Cincinnati could not run its offense comfortably as Ball State’s defense swarmed to the ball, applying pressure as soon as the ball past midcourt.
“We mixed up some of the things that we were doing to keep them off balance,” Sallee said.
The Cardinals forced the Bearcats to commit five turnovers in just the second quarter. Cincinnati shot 2 for 10 from the field and 0 for 4 from the 3-point line.
Sharing the ball
Scoring was not a problem for Ball State as they received contribution from all positions. Four Cardinals were able to put up double-digit points, led by freshman guard Anna Clephane with 22. Senior guard Nakeya Penny and sophomore forward Oshlynn Brown each added 14 points, and sophomore guard Maliah Howard-Bass recorded 11.
“Our team is a team that it doesn’t really matter who scores and who gets the points as long as we are doing well,” Clephane said.
Ball State’s ball movement created a lot of open shots for other teammates, and the Cardinals showed unselfish play, dishing out 16 team assists; their season average is 12.7 per game.
“We have a lot of confidence across the board on our team to just take the open shot and not really care who gets it,” Sallee said.
Ball State took control of the paint on the offensive end and continued to get the ball inside. The Cardinals scored 40 of their 75 points in the paint. Their inside game was efficient, shooting 22 of 38 from inside the 3-point line. Sallee said the team could win a lot of games if it scores points in the paint the way it did Wednesday.
“When you got a player like [Clephane] that can turn the corner and get it to the rim so well it helps [scoring points in the paint].”
The Clephane show
Clephane was aggressive on the offensive end as she scored most of her points attacking the basket. Her 22 points was a season-high, and she shot the ball well, making 7 of 14 attempts from the field. She also made 9 of 11 from the free-throw line. She led the team in rebounds with nine.

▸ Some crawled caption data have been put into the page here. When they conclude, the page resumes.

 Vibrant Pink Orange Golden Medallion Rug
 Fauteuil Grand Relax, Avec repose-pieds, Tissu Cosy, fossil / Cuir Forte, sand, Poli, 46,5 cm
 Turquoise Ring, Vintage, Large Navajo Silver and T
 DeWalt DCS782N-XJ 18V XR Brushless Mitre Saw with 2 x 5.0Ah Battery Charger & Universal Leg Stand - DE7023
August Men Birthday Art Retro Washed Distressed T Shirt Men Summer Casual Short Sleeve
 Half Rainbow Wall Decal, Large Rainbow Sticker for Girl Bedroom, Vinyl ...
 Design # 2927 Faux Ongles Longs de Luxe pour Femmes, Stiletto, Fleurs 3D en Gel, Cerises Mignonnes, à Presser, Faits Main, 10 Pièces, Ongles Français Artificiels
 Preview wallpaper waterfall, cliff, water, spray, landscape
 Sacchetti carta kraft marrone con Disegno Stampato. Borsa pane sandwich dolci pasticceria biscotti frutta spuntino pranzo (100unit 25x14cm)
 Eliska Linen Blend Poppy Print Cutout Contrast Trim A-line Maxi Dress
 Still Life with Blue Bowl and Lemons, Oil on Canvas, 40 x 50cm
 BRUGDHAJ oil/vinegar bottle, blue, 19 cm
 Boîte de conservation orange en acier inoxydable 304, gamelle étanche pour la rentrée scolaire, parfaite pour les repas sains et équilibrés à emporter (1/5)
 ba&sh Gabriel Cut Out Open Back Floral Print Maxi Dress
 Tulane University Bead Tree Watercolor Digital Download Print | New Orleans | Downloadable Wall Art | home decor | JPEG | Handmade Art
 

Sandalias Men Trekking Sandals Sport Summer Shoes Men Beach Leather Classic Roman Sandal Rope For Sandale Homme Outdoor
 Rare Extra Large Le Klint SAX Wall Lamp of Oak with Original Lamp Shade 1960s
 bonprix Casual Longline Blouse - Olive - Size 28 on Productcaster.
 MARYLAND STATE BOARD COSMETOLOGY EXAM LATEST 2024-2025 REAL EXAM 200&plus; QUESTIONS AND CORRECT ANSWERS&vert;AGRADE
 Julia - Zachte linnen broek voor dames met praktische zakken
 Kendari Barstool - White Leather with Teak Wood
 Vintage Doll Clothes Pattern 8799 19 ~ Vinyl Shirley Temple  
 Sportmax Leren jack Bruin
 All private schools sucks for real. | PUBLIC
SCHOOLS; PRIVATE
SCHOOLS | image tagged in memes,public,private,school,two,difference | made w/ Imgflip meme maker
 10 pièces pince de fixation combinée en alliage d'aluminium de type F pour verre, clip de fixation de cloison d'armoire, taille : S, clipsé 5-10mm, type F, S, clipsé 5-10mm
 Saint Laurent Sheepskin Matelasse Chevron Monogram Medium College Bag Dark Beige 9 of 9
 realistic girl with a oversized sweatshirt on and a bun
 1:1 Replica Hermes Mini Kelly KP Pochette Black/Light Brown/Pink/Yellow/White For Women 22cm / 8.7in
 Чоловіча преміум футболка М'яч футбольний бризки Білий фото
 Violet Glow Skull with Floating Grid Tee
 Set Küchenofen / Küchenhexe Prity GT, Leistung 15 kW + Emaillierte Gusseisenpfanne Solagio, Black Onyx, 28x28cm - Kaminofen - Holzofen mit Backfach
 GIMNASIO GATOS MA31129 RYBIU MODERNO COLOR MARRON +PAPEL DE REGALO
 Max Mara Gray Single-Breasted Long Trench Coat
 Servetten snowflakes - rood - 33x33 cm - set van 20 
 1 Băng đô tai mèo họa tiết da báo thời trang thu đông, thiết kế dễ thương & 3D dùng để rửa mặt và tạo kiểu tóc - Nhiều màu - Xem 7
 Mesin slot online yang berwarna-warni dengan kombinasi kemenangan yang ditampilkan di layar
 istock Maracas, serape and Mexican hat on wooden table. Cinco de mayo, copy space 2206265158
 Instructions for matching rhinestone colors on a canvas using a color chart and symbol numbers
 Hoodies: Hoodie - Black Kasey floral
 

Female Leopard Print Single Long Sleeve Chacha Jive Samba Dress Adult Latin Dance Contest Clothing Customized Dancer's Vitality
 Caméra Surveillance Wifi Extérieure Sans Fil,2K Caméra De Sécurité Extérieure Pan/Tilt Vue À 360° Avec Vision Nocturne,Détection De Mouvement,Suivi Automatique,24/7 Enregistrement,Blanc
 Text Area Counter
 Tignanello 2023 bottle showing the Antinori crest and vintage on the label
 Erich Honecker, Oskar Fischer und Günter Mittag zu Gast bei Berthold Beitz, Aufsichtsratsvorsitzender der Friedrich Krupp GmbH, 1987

Clephane said she feels she has grown a lot from when she first came in and believes she’s showing it with her IQ on the court.
“The team and coaches have been pushing me to be more of a scorer and really get in there and show what I can do on the boards,” Clephane said.
Make the freebies count
The Cardinals made the Bearcats pay for sending them to the line. Ball State started off the game a perfect 11 of 11 from the free-throw line to help build on to their lead. They finished the game shooting 79.2 percent from the line, making 19 of 24 attempts. The Cardinals came into the game shooting around 58 percent as a team.